Guest Post: Running in Winter (Outdoor or Indoor. . .Ice or Monotony)

I am entering this winter the fittest I have ever been and I’m keen to keep that up. There is, however, this small problem of being Canadian and therefore having to deal with pesky ice and snow.

When I look around my small-ish town’s trails at 2pm on a Sunday afternoon, I still see runners everywhere. In fact, I saw two running in the snowstorm that hit us last week. I can’t decide if those people are a little bit out of their minds or if I’m missing something but my experience of running in the winter is never going to include running in a snowstorm.

I know that there are many of you reading this saying to yourself, “Stop whining and just move indoors”. But that has its own issues.

First of all, treadmills. I mean, when people think about ditching their highly competitive, stressful, boring office jobs and moving out to the country with a few chickens and a milking cow, they use the phrase, “I’m getting off the treadmill”. Why get on a treadmill on purpose? I have also read that the forces on the body in the stride on a treadmill are fundamentally different, more hip flexor, less glute. Any woman over 35 who has ever picked up running later in life knows that additional stress on her hip flexors and less activation in her rear end is the last thing she needs.
I am lucky to have another indoor option.

There is a track in town that is suspended over an indoor ice rink. There are a lot of good things about that. It is always cool and cool temperature running is good for me.

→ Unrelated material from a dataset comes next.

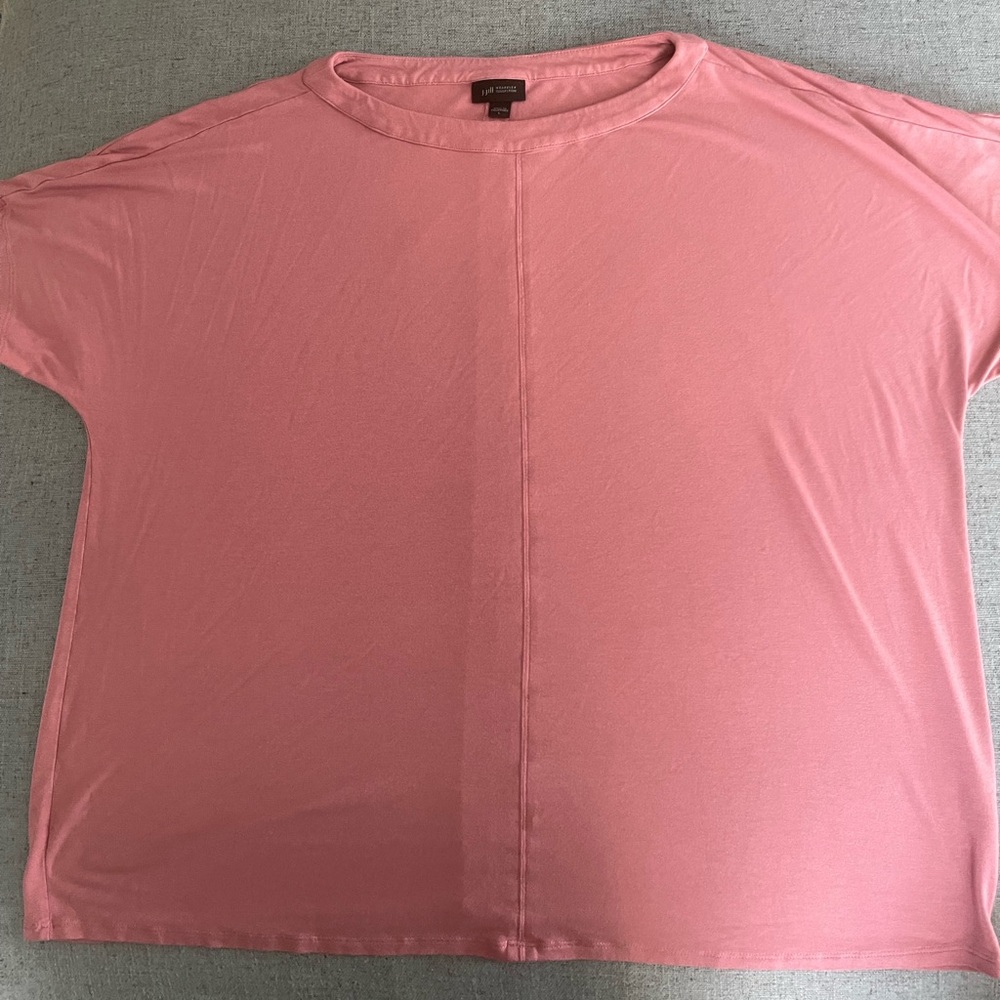 JJill Mauve, Front Seam, Large, Tshirt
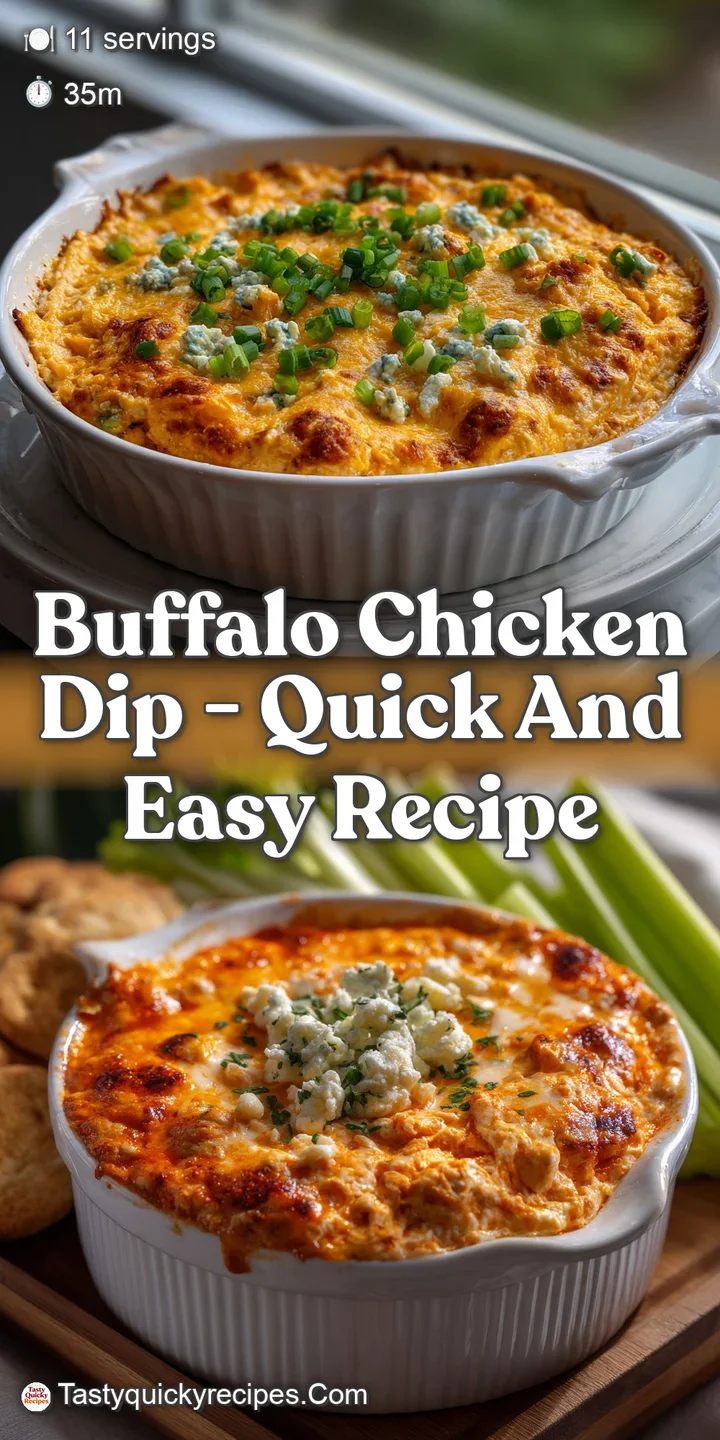 Buffalo Chicken Dip - Quick and Easy Recipe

I don’t have the running in place while the ground moves under me problem and can therefore vary my stride naturally and activate those glutes!

However, I’m going round and round and round and round. It is such a strange thing to go around a 200 m track 26 times. Sometimes, it is nearly soothing, the monotony of it. I breathe, I focus and I run mindfully. However, much like what happens to me when I try to sit mindfully, there are bursts of intense mental discomfort in the form of boredom and other pesky thoughts. Thoughts like, “What lap am I on?” “I hate running,” “Is that guy going to lap me again?” “What’s for dinner?” “I don’t want to have to walk the dog after this.” Etc.

Yesterday, I did manage an outdoor run in the morning with my running buddy. It was cool and dry and quiet. Even for a person who hates running (me) it was lovely.

There really is no dilemma here. I know that. Indoor running when it’s icy or storming, outdoor running when it’s dry. Indoors trying to be mindful in the monotony and outdoors being careful to avoid breaking bones. Keep moving, don’t look back and long for spring.